[Crawled caption data]
========

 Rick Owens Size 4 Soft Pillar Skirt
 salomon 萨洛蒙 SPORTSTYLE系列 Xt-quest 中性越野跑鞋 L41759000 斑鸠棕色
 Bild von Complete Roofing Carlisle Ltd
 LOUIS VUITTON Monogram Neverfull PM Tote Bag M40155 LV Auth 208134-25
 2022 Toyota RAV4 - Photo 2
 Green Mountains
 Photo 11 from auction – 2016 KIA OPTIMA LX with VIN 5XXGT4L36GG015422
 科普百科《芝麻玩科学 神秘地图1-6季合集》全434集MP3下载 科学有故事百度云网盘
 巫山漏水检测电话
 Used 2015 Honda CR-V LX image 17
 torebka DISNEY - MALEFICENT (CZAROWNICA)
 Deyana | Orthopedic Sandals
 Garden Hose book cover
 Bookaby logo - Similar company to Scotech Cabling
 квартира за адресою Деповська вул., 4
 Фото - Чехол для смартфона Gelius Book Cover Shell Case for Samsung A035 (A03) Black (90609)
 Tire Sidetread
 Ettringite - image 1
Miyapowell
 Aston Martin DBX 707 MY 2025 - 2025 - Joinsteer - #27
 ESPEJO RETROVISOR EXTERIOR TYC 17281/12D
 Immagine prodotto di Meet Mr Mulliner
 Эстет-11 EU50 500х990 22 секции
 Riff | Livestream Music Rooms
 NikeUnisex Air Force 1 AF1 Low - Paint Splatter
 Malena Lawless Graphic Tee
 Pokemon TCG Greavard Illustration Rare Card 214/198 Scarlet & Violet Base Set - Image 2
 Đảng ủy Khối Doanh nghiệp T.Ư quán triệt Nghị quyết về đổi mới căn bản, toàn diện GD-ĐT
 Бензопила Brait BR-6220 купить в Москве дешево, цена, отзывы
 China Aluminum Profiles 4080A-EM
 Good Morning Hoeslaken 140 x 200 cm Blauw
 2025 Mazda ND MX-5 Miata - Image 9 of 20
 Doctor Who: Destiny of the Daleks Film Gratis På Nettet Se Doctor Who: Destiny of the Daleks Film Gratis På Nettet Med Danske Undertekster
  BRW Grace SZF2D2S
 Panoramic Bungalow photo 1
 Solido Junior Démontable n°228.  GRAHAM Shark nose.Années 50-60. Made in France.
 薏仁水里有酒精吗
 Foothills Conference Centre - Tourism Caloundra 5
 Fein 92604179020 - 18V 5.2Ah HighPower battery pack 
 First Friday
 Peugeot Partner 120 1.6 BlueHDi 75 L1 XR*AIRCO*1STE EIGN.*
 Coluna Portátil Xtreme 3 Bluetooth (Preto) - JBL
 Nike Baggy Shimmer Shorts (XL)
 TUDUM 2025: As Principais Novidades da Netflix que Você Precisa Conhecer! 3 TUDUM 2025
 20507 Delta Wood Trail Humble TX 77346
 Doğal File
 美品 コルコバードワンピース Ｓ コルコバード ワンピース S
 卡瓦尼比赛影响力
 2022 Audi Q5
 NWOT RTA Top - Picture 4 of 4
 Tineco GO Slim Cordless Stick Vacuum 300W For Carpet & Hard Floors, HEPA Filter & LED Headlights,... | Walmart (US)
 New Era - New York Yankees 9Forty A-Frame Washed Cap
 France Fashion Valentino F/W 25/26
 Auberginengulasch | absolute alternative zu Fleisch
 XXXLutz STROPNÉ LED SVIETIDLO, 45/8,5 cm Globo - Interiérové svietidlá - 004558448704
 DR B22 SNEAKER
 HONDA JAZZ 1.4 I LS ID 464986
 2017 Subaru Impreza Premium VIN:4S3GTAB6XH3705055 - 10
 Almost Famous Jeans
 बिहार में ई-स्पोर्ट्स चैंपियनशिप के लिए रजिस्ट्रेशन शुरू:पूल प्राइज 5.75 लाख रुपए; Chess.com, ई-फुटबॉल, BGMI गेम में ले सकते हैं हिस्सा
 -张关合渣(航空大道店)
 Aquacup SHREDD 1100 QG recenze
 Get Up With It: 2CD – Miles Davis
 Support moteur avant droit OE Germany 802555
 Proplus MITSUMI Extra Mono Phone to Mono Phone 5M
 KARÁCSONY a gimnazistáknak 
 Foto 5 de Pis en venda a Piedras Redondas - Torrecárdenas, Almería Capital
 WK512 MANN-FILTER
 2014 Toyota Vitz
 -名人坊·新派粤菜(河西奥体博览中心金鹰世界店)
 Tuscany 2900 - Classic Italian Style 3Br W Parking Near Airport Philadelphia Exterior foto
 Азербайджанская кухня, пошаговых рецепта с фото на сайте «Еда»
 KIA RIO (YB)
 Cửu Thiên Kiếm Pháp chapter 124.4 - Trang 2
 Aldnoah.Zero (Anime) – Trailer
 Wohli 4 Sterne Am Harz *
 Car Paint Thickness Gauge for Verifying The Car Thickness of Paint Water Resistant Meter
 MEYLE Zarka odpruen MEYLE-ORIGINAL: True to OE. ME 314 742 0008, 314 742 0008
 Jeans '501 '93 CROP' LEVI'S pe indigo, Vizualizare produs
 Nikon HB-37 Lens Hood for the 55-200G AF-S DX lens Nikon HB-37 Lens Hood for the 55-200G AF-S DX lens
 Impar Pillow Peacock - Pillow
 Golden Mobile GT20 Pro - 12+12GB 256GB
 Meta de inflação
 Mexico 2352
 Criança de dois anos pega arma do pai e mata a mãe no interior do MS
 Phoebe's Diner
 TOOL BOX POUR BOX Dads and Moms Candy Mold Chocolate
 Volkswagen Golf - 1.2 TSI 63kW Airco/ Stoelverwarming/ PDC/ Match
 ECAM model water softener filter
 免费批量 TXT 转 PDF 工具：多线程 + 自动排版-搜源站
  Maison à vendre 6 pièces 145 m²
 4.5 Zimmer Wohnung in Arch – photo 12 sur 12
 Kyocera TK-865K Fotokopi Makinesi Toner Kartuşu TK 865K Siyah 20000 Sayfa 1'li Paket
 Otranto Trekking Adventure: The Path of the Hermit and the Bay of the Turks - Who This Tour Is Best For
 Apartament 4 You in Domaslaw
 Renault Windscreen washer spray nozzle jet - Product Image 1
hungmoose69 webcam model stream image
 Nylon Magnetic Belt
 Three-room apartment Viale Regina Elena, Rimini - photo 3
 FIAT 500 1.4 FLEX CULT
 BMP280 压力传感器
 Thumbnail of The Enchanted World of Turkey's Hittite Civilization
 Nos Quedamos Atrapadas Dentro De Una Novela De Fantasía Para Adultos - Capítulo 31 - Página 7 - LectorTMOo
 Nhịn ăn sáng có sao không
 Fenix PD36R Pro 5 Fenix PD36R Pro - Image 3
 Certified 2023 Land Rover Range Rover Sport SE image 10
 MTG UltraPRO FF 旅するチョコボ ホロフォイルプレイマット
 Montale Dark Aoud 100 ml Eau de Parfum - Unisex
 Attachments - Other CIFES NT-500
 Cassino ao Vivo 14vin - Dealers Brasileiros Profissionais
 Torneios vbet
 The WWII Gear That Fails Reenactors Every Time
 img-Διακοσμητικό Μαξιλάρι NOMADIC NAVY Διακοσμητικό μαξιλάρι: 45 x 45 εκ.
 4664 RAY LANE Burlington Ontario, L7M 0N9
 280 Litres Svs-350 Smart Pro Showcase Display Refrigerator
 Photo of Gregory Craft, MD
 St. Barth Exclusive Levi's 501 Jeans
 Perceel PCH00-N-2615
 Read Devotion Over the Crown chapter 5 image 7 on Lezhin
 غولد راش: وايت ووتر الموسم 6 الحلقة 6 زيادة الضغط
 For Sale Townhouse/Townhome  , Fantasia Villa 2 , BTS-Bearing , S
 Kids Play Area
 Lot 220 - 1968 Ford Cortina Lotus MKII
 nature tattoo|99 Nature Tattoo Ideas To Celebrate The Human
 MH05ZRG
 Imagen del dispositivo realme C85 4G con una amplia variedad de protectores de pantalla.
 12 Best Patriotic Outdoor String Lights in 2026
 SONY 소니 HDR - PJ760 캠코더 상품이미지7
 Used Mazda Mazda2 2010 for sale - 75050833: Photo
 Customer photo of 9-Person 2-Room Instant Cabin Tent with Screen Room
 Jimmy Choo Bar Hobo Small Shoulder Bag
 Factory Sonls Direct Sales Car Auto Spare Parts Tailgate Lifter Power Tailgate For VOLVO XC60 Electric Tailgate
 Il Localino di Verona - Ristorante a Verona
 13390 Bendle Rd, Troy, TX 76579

========

Work instruction —
Restate verbatim all lines from the start of the data through the line containing "Used 2015 Honda CR-V LX image 17", with both ends kept.

Output of the exercise —
 Rick Owens Size 4 Soft Pillar Skirt
 salomon 萨洛蒙 SPORTSTYLE系列 Xt-quest 中性越野跑鞋 L41759000 斑鸠棕色
 Bild von Complete Roofing Carlisle Ltd
 LOUIS VUITTON Monogram Neverfull PM Tote Bag M40155 LV Auth 208134-25
 2022 Toyota RAV4 - Photo 2
 Green Mountains
 Photo 11 from auction – 2016 KIA OPTIMA LX with VIN 5XXGT4L36GG015422
 科普百科《芝麻玩科学 神秘地图1-6季合集》全434集MP3下载 科学有故事百度云网盘
 巫山漏水检测电话
 Used 2015 Honda CR-V LX image 17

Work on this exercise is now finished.